The Necessity of Subcontent

By Deane Barker • Posted on May 20, 2007

Here’s something I don’t see nearly enough in content management systems: subcontent. This is when a content object contains other content objects as children. I don’t think I’ve ever built a content-managed site where I haven’t (1) used this when it was available, or (2) wished for it when it wasn’t.

It’s so common for a conceptual object in a content model to be composed of other content. This mirrors a relational database – the most common relationship between tables in a database is a one-to-many relationship where one thing in one table is related to many things in another table.

The same concept is at work here. Having a set of content objects existing within another is like an implicit one-to-many relationship. The parent is related to many children, and all of the children are related to one parent.

Most content management systems have some form of content tree, but often they fall into the “folder trap,” where they use the folder-and-file metaphor from operating systems. You can create folders, which then contain content.

I maintain that this is a mistake for a very important reason: the folder is not a content object itself. It’s a folder – some arbitrary structure thought up by the architects of the CMS, and it can’t carry content-based data or be managed like content (subject to workflow, versioning, etc.).

In practice, a content tree should effectively be made up of nothing but content objects stacked on top of one another. There are no “folders,” unless you want to create a “folder-like” content object. Each node in the tree is a content object, which has a content object as a parent and can have multiple content objects as children.

I was recently working with a magazine publisher. We discussed their content model, and it worked out like this:

A publication has multiple issues which each have multiple sections which each have multiple articles which each may have multiple subarticles. It was both highly relational and purely hierarchical – a perfect example of the need for subcontent.

With subcontent, this is simple. You have a publication content object which contains multiple issue content objects, etc. Since the tree is made up of content itself, representing these relationships is trivial. An article belongs to the issue which is its parent. Relationships are derived from their position in the tree.

If not for subcontent, then I have to maintain an explicit reference in each content object to define what other object it belongs to. Far from the simplicity of just putting content somewhere, now I have to have a content selector interface widget to go find the parent piece of content. The user experience also suffers because a piece of content could be the “child” of something way across the tree. The concept of “parentage” suffers because the parent and the child are not “geographically” related in any way in the administration interface.

Additionally, referential integrity is tightened with subcontent. Since you can’t delete a parent without deleting all of its children, you ensure there are no orphan records floating around.

Why does this all make so much sense? Because it’s correct from an object oriented perspective, with which we’re all familiar. The Composite Pattern says that an object can contain another object. Using this, you put together complex programming objects to represent complex concepts. The same is true of content modeling – you start gluing together content to create more complicated content.

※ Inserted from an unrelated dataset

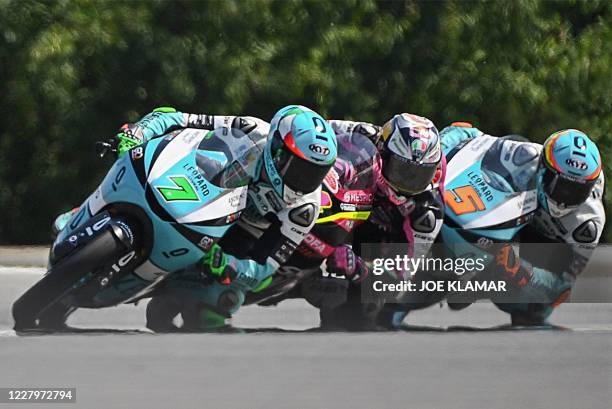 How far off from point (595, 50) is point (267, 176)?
216 inches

To really do this right, there are some best practices:

You can either make these limitations global, or build them into the permissions model. Maybe a normal editor can’t put a downloadable file under an article, but the webmaster can.

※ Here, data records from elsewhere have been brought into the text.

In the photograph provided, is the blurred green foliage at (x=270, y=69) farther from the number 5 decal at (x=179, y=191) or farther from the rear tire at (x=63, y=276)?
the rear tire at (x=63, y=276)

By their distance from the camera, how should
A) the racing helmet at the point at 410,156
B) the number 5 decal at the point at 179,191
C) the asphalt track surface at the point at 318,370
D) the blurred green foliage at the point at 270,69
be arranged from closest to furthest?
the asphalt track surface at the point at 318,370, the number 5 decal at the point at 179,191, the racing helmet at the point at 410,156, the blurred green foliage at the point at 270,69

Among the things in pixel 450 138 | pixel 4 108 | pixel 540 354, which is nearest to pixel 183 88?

(For the record, you need to allow arbitrary ordering even if you’re using file-and-folder organization. Content often needs to be ordered in non-derivable ways. I’m convinced content management systems try to sweep this fact under the rug simply because the interface issues are a pain.)

Ideally, your content tree is not made up of actual content. Instead it’s made up of “nodes” which are then linked to content objects. What’s a node? Nothing, really – they’re just things you can stack on top of each other to make a tree. Each node has a link to a content object, and one of those links is the “main” link. (Why do you need a main node? See this post.)

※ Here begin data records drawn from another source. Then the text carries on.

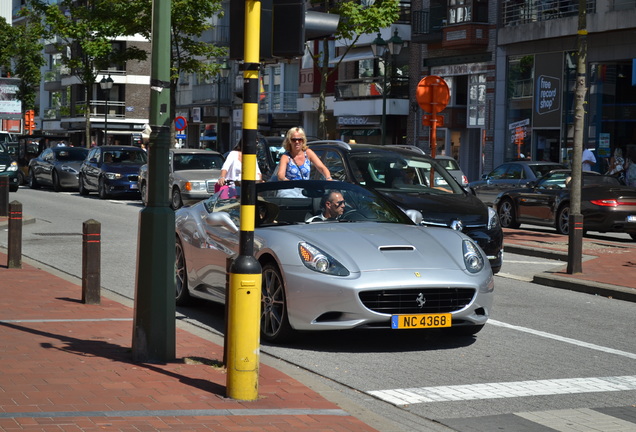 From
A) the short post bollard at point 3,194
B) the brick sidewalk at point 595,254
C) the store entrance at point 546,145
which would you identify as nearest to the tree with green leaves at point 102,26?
the store entrance at point 546,145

Why do this? Because now a content object can exist in more than one place in the tree. This is because a node is linked to a content object, and multiple nodes can link to the same object. One location is considered the “main” location, but it can appear in hundreds of places, if you like. This just means that hundreds of nodes are linked to the same content object.

This is a very powerful content modeling feature, and it lets you model content as accurately as possible.

So, what system does the content tree right? Well, eZ publish, of course. I’ve also seen hints of this in Zope. Are there others? I’d like to know – comments are open.

This is item #207 in a sequence of 356 items.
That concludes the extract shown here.